____ Data for processing
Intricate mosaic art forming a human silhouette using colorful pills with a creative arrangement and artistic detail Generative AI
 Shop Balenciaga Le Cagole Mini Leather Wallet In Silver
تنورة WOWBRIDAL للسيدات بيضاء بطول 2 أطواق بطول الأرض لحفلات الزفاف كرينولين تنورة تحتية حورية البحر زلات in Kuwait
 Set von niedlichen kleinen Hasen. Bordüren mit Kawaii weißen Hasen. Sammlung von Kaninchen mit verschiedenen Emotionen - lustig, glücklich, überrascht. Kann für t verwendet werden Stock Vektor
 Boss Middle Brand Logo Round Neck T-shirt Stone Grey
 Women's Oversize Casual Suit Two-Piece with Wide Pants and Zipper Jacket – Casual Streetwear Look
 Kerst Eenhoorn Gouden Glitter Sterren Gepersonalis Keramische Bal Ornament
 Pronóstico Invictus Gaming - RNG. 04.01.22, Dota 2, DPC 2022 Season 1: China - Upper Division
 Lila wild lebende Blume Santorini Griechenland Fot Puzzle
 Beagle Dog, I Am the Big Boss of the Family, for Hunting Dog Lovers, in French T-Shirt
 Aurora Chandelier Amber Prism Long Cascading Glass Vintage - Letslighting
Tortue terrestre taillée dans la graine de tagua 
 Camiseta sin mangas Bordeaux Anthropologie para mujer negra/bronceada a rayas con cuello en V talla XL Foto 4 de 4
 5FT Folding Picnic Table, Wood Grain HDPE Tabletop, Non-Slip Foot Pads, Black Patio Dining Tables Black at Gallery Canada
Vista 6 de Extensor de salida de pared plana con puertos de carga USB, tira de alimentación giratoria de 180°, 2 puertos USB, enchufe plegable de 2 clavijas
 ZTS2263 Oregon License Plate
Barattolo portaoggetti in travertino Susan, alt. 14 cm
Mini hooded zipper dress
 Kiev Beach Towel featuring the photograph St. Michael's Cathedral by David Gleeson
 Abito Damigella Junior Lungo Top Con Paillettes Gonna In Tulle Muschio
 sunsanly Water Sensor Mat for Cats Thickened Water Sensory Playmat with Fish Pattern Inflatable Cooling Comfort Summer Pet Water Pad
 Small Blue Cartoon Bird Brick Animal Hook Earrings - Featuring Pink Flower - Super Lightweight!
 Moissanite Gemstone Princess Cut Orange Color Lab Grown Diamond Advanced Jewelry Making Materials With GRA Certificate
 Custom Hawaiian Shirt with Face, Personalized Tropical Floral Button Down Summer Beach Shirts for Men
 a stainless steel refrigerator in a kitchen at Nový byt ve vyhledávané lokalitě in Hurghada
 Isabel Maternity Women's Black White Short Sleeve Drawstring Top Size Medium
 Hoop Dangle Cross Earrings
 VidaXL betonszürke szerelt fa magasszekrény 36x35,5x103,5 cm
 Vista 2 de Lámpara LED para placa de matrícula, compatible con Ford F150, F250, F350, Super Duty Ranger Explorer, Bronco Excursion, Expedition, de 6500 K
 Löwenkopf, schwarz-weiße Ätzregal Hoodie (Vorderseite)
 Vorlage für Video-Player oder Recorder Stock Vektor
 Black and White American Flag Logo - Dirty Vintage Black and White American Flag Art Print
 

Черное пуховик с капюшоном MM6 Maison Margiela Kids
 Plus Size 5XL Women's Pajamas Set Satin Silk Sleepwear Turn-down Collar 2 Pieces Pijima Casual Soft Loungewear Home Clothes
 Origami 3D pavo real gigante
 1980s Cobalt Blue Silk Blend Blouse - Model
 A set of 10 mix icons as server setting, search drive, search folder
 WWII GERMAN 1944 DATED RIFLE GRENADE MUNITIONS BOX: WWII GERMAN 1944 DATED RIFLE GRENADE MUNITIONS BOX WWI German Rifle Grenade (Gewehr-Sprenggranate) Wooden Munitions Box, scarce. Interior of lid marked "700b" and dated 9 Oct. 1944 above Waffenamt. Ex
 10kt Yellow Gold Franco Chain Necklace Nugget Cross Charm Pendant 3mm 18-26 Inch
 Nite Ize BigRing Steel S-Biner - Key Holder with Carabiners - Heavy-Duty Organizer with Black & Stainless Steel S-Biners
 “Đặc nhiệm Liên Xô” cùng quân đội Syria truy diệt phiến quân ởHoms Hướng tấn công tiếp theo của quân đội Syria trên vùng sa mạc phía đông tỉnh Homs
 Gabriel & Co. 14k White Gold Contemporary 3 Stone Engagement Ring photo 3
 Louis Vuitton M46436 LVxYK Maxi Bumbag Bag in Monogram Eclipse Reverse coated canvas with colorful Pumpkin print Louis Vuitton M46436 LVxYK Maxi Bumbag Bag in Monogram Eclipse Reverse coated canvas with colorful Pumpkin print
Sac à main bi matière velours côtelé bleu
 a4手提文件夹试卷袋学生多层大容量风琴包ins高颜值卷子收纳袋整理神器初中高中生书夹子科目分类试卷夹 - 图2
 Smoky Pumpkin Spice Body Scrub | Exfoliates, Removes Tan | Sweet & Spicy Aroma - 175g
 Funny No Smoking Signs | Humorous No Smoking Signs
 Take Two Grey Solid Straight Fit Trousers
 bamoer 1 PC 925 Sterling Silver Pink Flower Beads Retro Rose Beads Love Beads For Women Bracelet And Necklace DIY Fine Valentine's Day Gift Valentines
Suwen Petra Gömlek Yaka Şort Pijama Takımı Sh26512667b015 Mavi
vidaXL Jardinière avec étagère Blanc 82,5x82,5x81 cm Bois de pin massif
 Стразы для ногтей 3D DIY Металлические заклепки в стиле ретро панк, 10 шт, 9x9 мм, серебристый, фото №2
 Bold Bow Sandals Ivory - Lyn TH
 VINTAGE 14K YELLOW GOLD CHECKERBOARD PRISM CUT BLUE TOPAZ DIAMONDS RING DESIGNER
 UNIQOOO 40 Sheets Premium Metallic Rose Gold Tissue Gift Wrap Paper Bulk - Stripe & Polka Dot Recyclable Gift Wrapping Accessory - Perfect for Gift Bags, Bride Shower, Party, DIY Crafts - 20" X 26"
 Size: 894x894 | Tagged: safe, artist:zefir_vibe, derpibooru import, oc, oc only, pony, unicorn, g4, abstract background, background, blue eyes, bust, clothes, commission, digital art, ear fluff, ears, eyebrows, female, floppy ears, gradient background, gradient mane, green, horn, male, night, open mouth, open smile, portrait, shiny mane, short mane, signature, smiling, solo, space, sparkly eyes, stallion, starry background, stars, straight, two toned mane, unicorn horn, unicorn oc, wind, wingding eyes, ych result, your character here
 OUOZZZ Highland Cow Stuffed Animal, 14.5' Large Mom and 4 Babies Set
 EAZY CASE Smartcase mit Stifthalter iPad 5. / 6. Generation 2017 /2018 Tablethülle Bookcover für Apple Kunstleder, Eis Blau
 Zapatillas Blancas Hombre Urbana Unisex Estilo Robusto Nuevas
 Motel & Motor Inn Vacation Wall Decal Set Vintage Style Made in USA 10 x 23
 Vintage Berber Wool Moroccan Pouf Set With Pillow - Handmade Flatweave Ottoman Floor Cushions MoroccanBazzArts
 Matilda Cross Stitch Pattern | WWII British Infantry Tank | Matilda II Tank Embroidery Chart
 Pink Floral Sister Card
________
Repeat the entries verbatim through the line with "5FT Folding Picnic".

### Answer space
Intricate mosaic art forming a human silhouette using colorful pills with a creative arrangement and artistic detail Generative AI
 Shop Balenciaga Le Cagole Mini Leather Wallet In Silver
تنورة WOWBRIDAL للسيدات بيضاء بطول 2 أطواق بطول الأرض لحفلات الزفاف كرينولين تنورة تحتية حورية البحر زلات in Kuwait
 Set von niedlichen kleinen Hasen. Bordüren mit Kawaii weißen Hasen. Sammlung von Kaninchen mit verschiedenen Emotionen - lustig, glücklich, überrascht. Kann für t verwendet werden Stock Vektor
 Boss Middle Brand Logo Round Neck T-shirt Stone Grey
 Women's Oversize Casual Suit Two-Piece with Wide Pants and Zipper Jacket – Casual Streetwear Look
 Kerst Eenhoorn Gouden Glitter Sterren Gepersonalis Keramische Bal Ornament
 Pronóstico Invictus Gaming - RNG. 04.01.22, Dota 2, DPC 2022 Season 1: China - Upper Division
 Lila wild lebende Blume Santorini Griechenland Fot Puzzle
 Beagle Dog, I Am the Big Boss of the Family, for Hunting Dog Lovers, in French T-Shirt
 Aurora Chandelier Amber Prism Long Cascading Glass Vintage - Letslighting
Tortue terrestre taillée dans la graine de tagua 
 Camiseta sin mangas Bordeaux Anthropologie para mujer negra/bronceada a rayas con cuello en V talla XL Foto 4 de 4
 5FT Folding Picnic Table, Wood Grain HDPE Tabletop, Non-Slip Foot Pads, Black Patio Dining Tables Black at Gallery Canada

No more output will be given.